But rather than just rail against this “tyranny of the (metro NYC) majority”, let me suggest a better, win, win idea:

Instead of subsidizing these very wealthy hedge-fund investors with our tax and utility-bill dollars to import and erect these solar-panel and wind-turbine wastelands, why don’t we turn to accelerating the carbon-sequestration that has naturally and organically been going on in upstate NY since the 1920s?

A growing hardwood forest native to this area will trap between 1.5 and 2.5 tons of carbon per acre per year. Once mature, and being selectively harvested for valuable hardwoods like Maple, Oak and Black Cherry, an acre of our forests will still sequester and hold an additional 1.5 tons of carbon every year.
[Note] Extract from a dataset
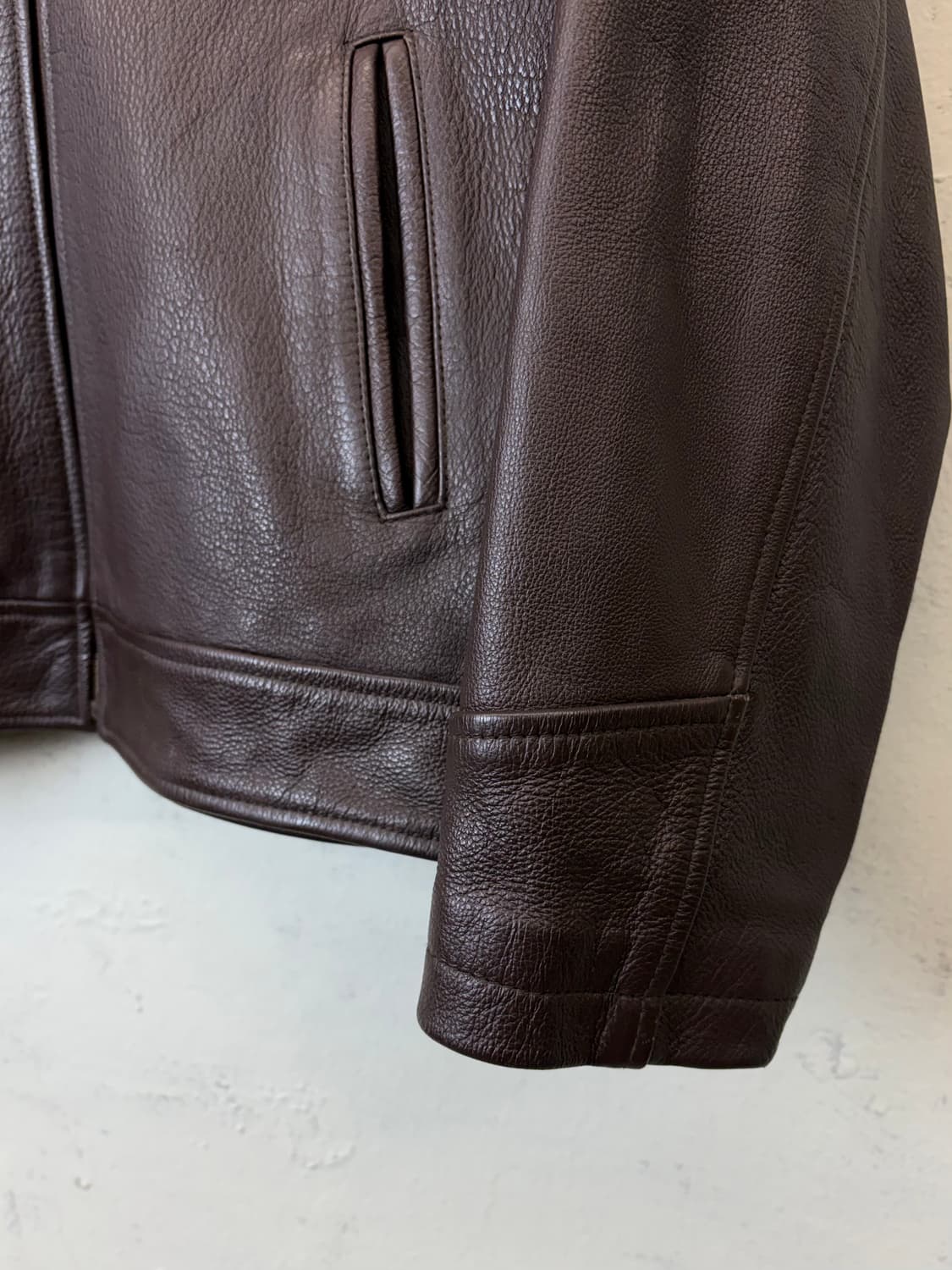빈티지 소가죽 포켓 레더 자켓 브라운 상품이미지4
This is not a new idea. Already thousands of acres of forest in New York are being managed in this way and are receiving carbon credit payments from corporations moving to offset their CO2 emissions. Further, unlike wind turbines and solar waste-lands, the management and selective harvesting of these carbon-capturing forests is and can provide a continuity of rewarding, good-paying jobs that our rural residents can do now. Not only can these forests capture and store industrial carbon pollution, and create sustainable employment for generations, but they can protect rather than kill and displace wildlife, and by enhancing the scenic beauty which is already one of rural New York’s greatest assets, foster tourism and the vitality of our small towns.

I know that our State Senator George Borrello is leading the fight, now if only our State government would just listen. Listen, study what other environmentally thoughtful States are doing to facilitate carbon sequestration, and bring the best of those programs back home to us.

In the meantime, we need to make sure that our county officials and Town boards do not give the store away. Under no circumstances should they agree to any tax concessions to millionaire wind and solar developers that they would not ordinarily give to longstanding, resident businesses. Further, they need to make sure that any installation they do consider be triple-A bonded by a reputable third party for repair or removal costs. Ownership of these sites can and will change and at very least we need to be assured that if installed they are either operating as promised or being removed and the land put back to its natural condition.

Fred Johnson is the owner of Johnson Estate Winery in Westfield and is the president of the Westfield-Barcelona Chamber of Commerce and the chairman of the Chautauqua County Chamber of Commerce.